Having done a bit more on this I now find that my WD system is running at some 650 page faults per second and it has over 200mb available memory. However this tells far from the whole story.
Firstly let me say what I have found applies to W2K and probably XP, W98 and WME run very different memory models.
There are two main types of page fault, there is the ‘hard’ page fault where the data has to be read in from the page file on disk, and there is the ‘transition’ page fault. Now the transition list is where a page marked for page out to disk is put while it is waiting for the I/O to complete, the page is marked invalid in the page table but has not yet been re-allocated so the data is still as it was. When the memory manager gets a page fault it checks to see if the page is on the transition list, if it is no I/O is needed the page is then marked valid and the faulted code can be resumed. So a transition page fault is very quick to be resolved as it only takes a few cpu cycles and no I/O.
My WD system runs with 450 tansition faults per second, so if I read the info correctly I am only getting some 200 ‘hard’ page faults a second. This is not so bad but still bad enough in my view.
The available memory can lead people to think that this equates to free memory. I believe this is not the case, available memory is the total of any free (unallocated) memory AND any memory which is allocated but is also pageable and therefore available for other applications to ‘steal’. So looking at available memory does not tell you how much unallocated memory you have. It would seem to me that in a windows model you need an awful lot of memory to reduce paging (both hard and transition). It would appear that the W2K task manager memory graph gives a better idea of memory allocation, on my WD system it sits at 313604K (this is also shown under the Commit Charge) which means that since I only have 384mb available physical memory it would seem that the maximum unallocated memory I have is about 71Mb an awful lot less that the 247000K shown as available. You dont need very much to go awry and all of the physical memory would be eaten up and paging would then take off even more.
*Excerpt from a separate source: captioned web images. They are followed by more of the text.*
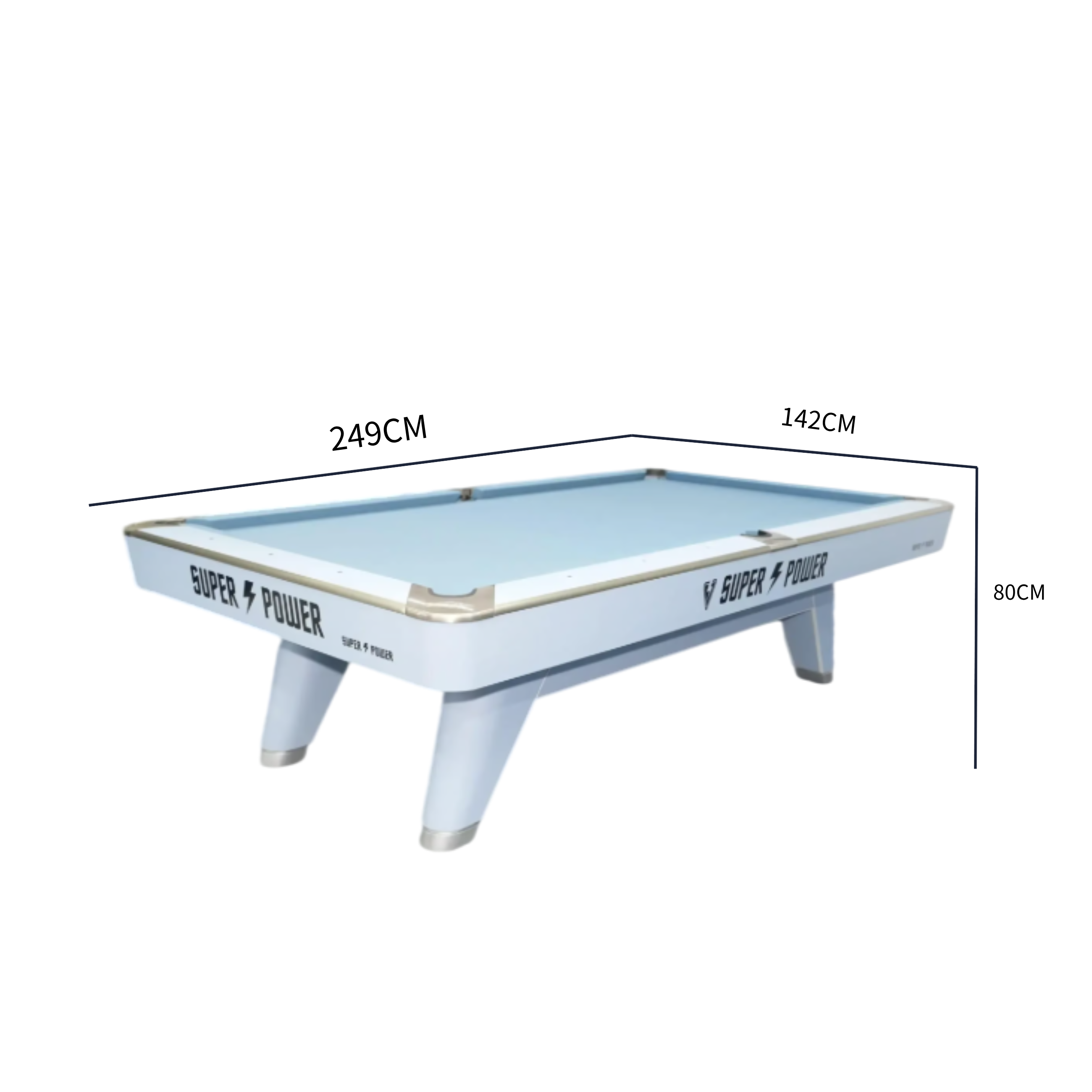 Premium Luxury 8FT Slate Pool Table – Ice Blue Professional Billiard Table with Modern Designer Finish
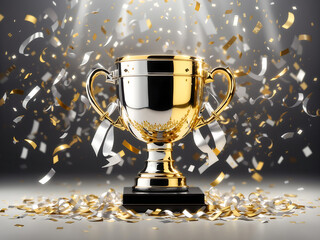 championship cup or winner trophy in golden and silver shiny chrome with celebration confetti and ribbon decoration as a wide banner with copy space area designs.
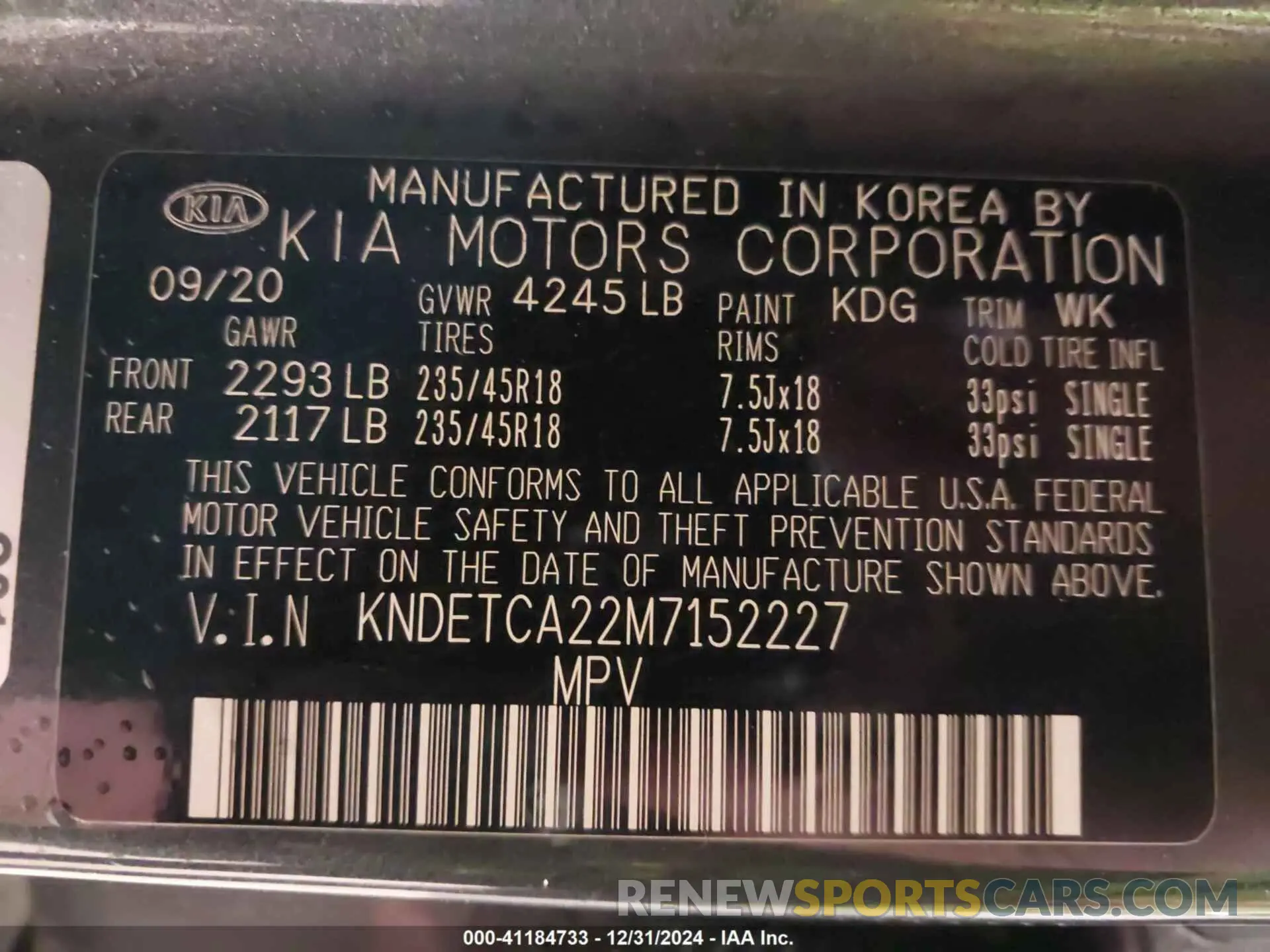 9 fotografías del automóvil dañado KNDETCA22M7152227 KIA SELTOS 2021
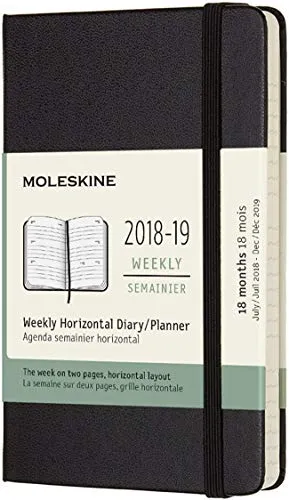 Moleskine 2018-2019, Agenda Settimanale 18 Mesi, Tascabile, Orizzontale, Copertina Rigida, Nero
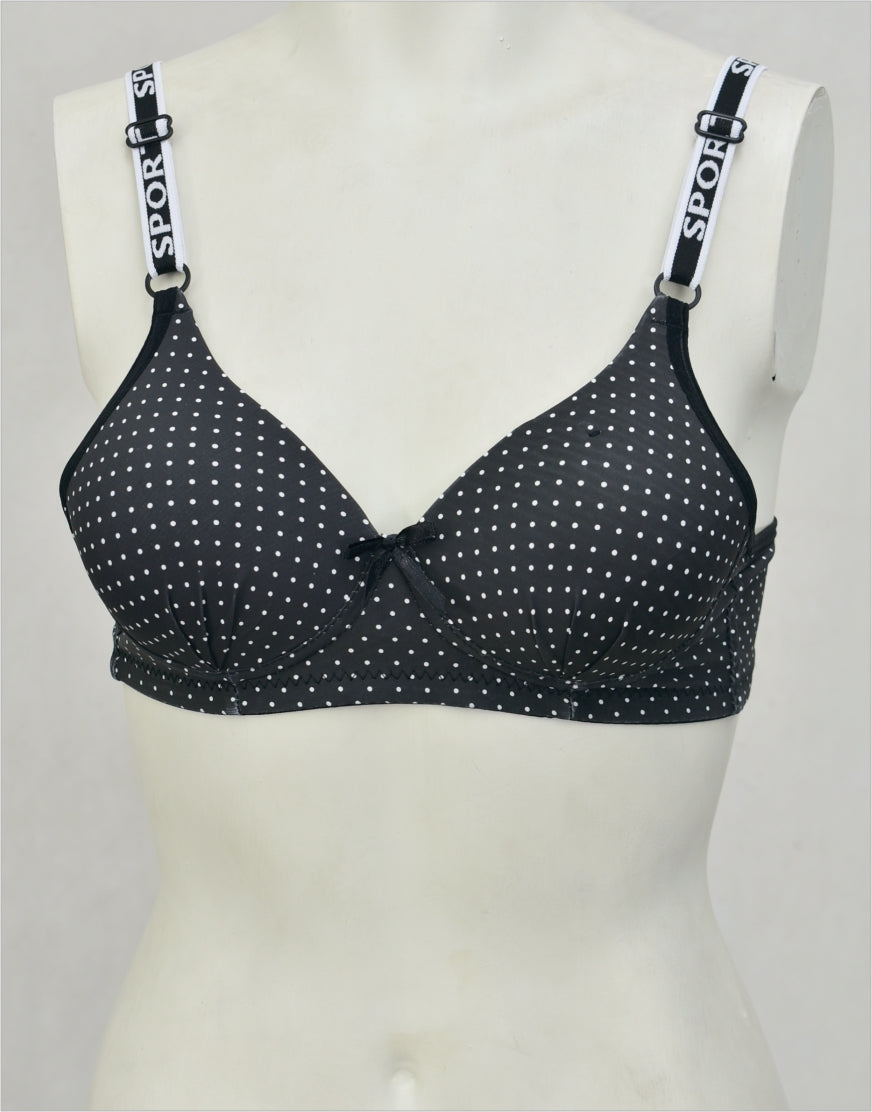 Dots Print Seamless Padded Bra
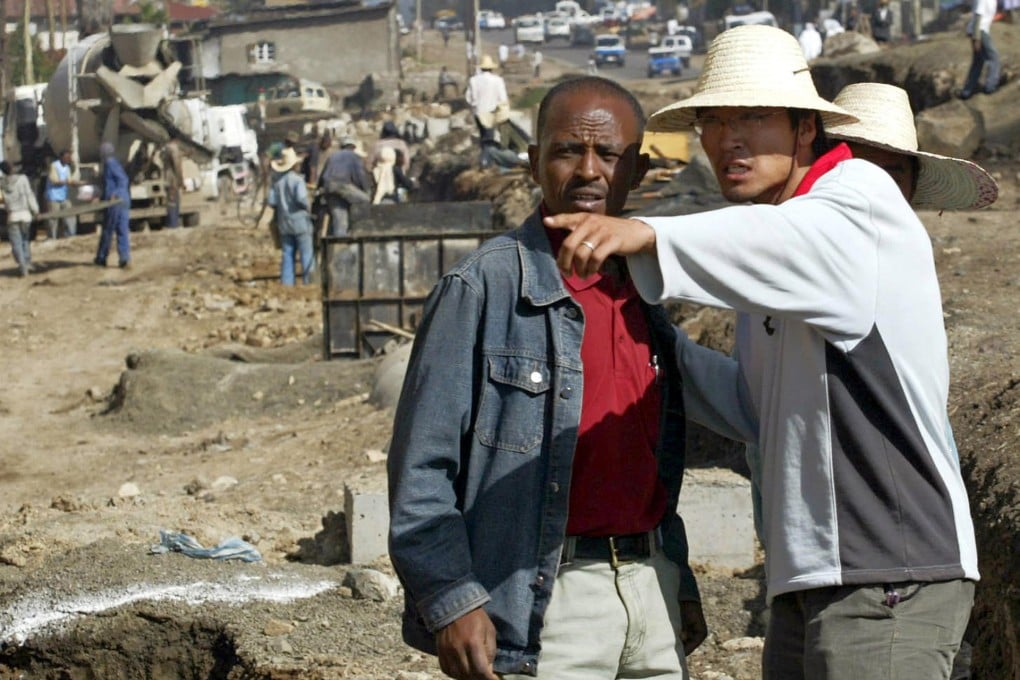 A Chinese construction worker gives instructions on a road project in Addis Ababa, Ethiopia. Photo: AFP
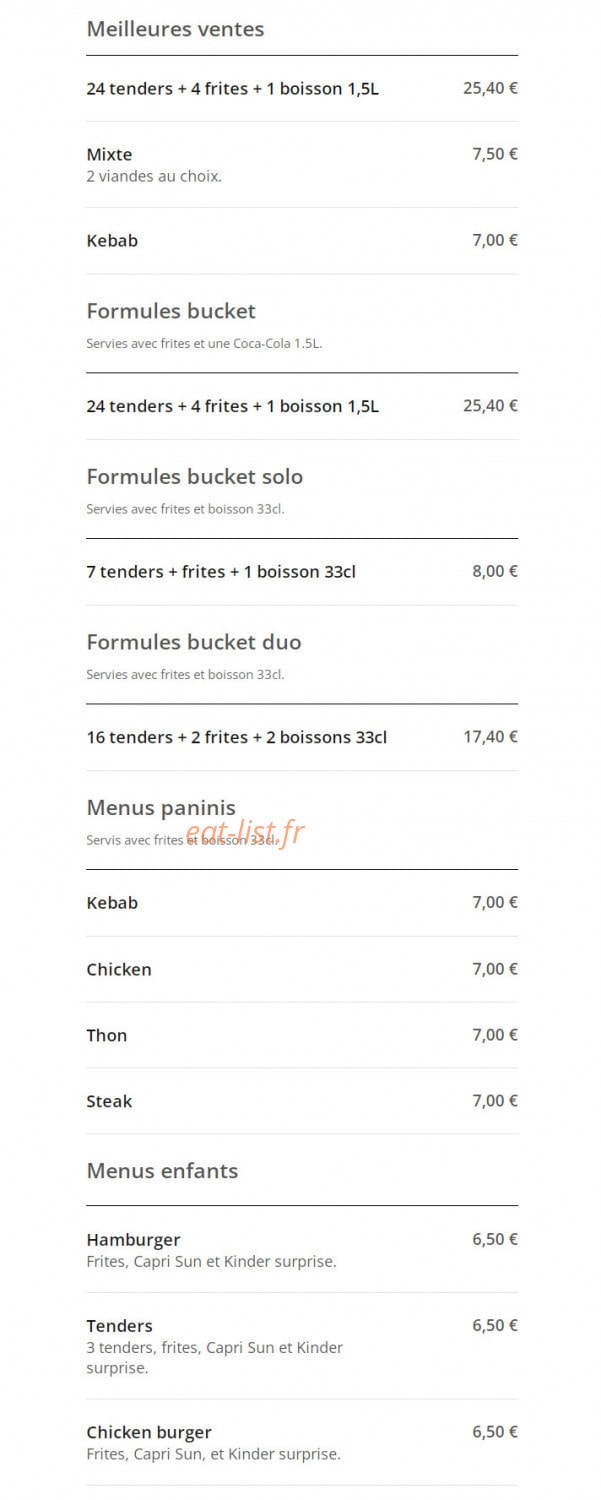 Chicken Food — carte page 1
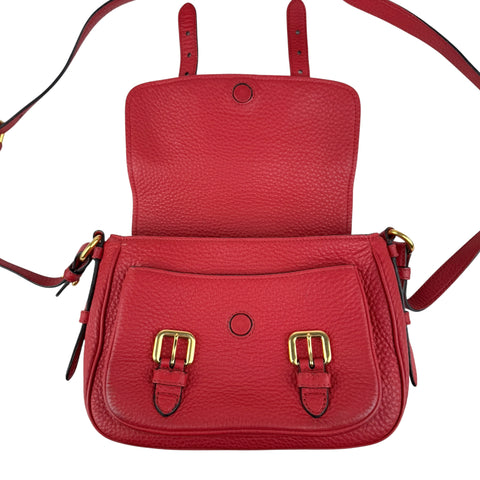 Pre-owned prada red leather buckle flap shoulder bag front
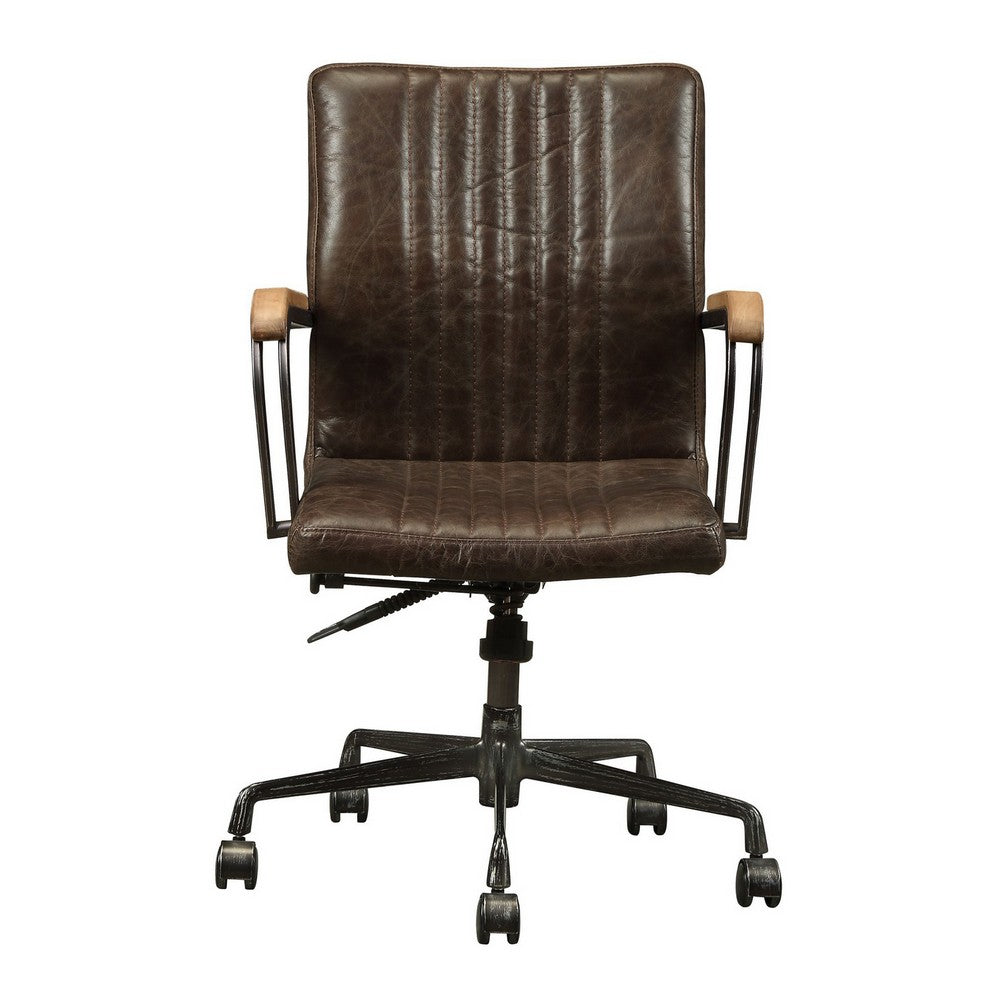 Leatherette Upholstered Metal Swivel Executive Chair with Curved Wooden Armrest, Brown and Black - AMF-92028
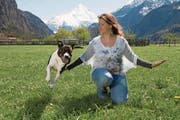 Ein «Hopp!» genügt, und Hündin Lilou springt Frauchen Sandra Schneider über die Arme. (Bild: Nadia Schärli (Schattdorf, 21. April 2017))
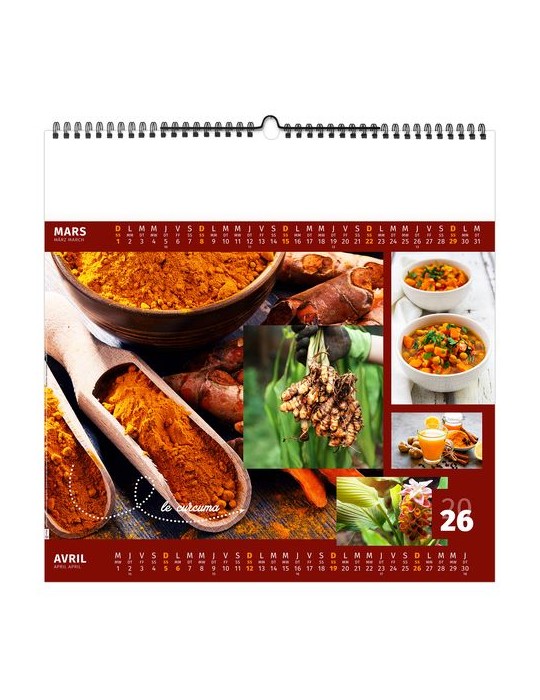 AROMATES ET COMPAGNIE 2026 - SMALL 330 x 330 mm - MARQUAGE 1 COULEUR - RELIURE BAGUETTE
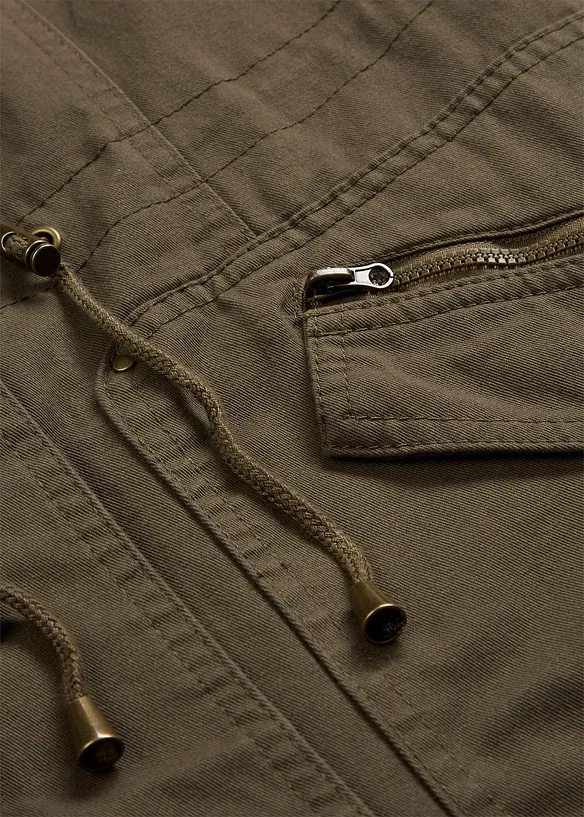 Kort bomullsparkas med st&aring;krage, figursydd, bonprix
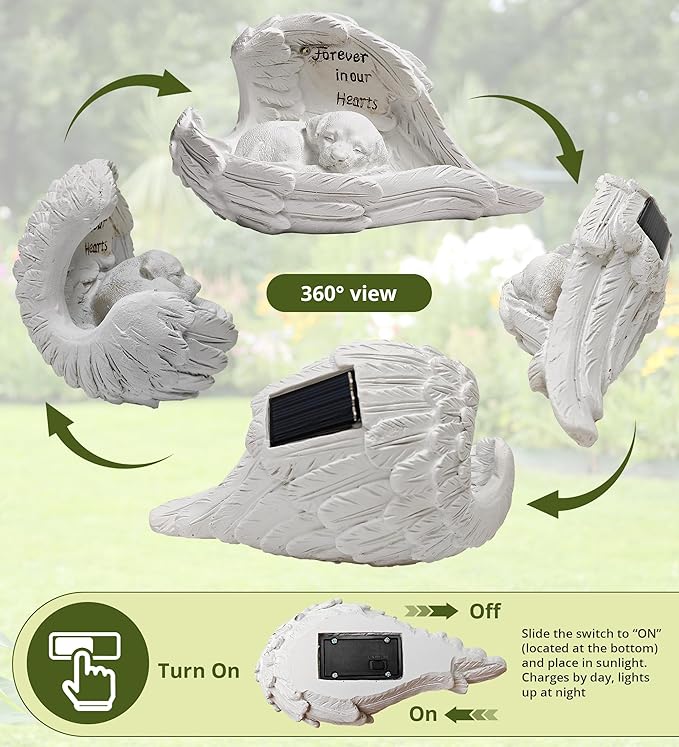 Pet Dog Solar Garden Memorial Statue – Outdoor Resin Angel Puppy with Solar Light, Guardian Angel Dog Memorial Gift for Patio, Lawn, Yard, or Garden Decor-Ruum Studio Home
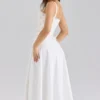 Clarabelle Rose Print Cotton Detachable Corset Midi Sundress
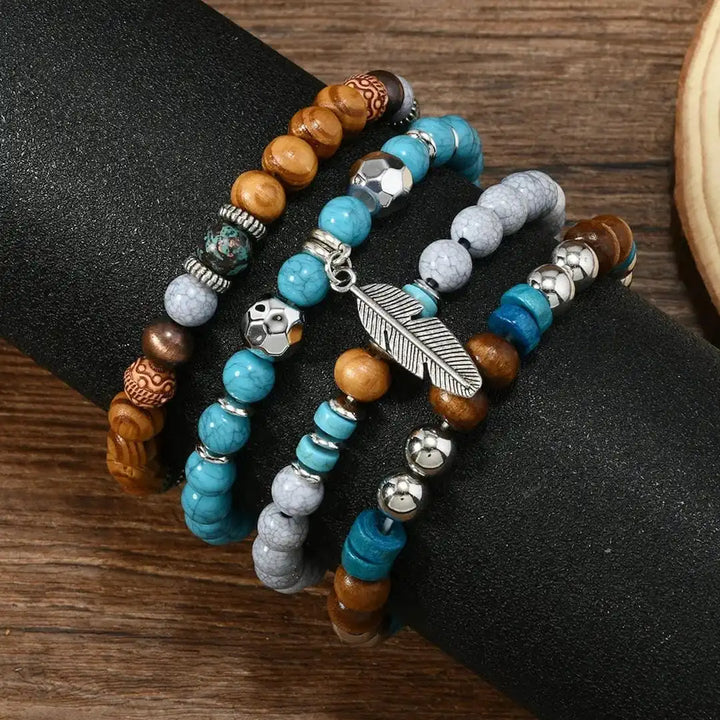 Bohemian Turquoise Beaded Feather Bracelet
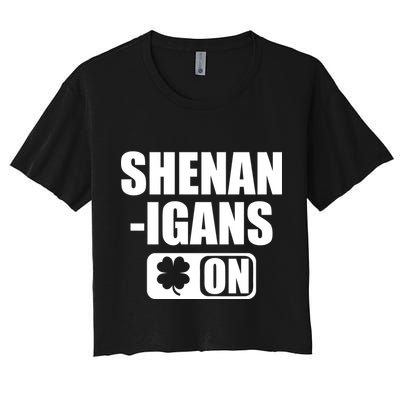 Shenanigans On Drink Mode St. Patrick's Day Clover Crop Top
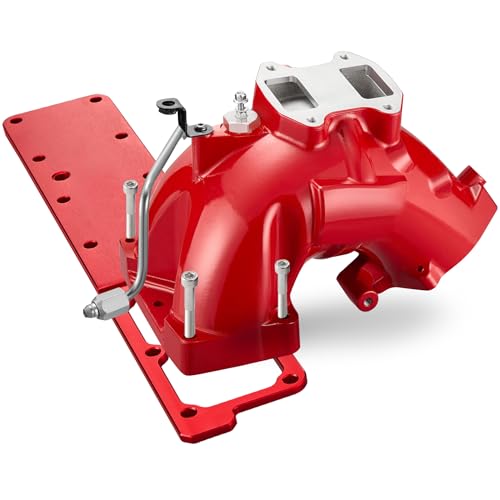 SPBREW Intake Manifold Kit for 6.7L Cummins 2013-2018 Dodge Ram 2500/3500 Engine Aluminum Air Intake Horn Kit with Grid Heater & Heating System Red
Even adding shed loads of RAM will not prevent paging, my m/c I use for most of my PC work has 1Gb of physical memory and even with not a whole lot running it still pages stuff in and out (altough not nearly as much as the WD m/c pages) and it currently has over 600MB available and the Commit Charge sits at 539MB roughly and so most of this available 600MB is actually unallocated!
So to sum up… hmmm… Nothing conclusive I guess except to say what most people have always said about Windows, add as much RAM as you can when building a system. If you have a slowish processor the more RAM the better.
My WD machine has only two ram slots with currently a 256mb and a 128mb in each, I will probably replace the 128mb with a 512mb, giving 768mb in total. This I hope will reduce the paging somewhat and if memory useage does peek above the 384mb then it will certainly help.
Having read quite a lot about windows memory management it does appear that there is memory which can be allocated which is not pageable. I am wondering if Brian could take a look at the memory used for data which is shared between WD and say WDWatch to see if anything could be changed to ensure the shared data stays in memory, this might help with the huge numbers of page faults which WDWatch experiences?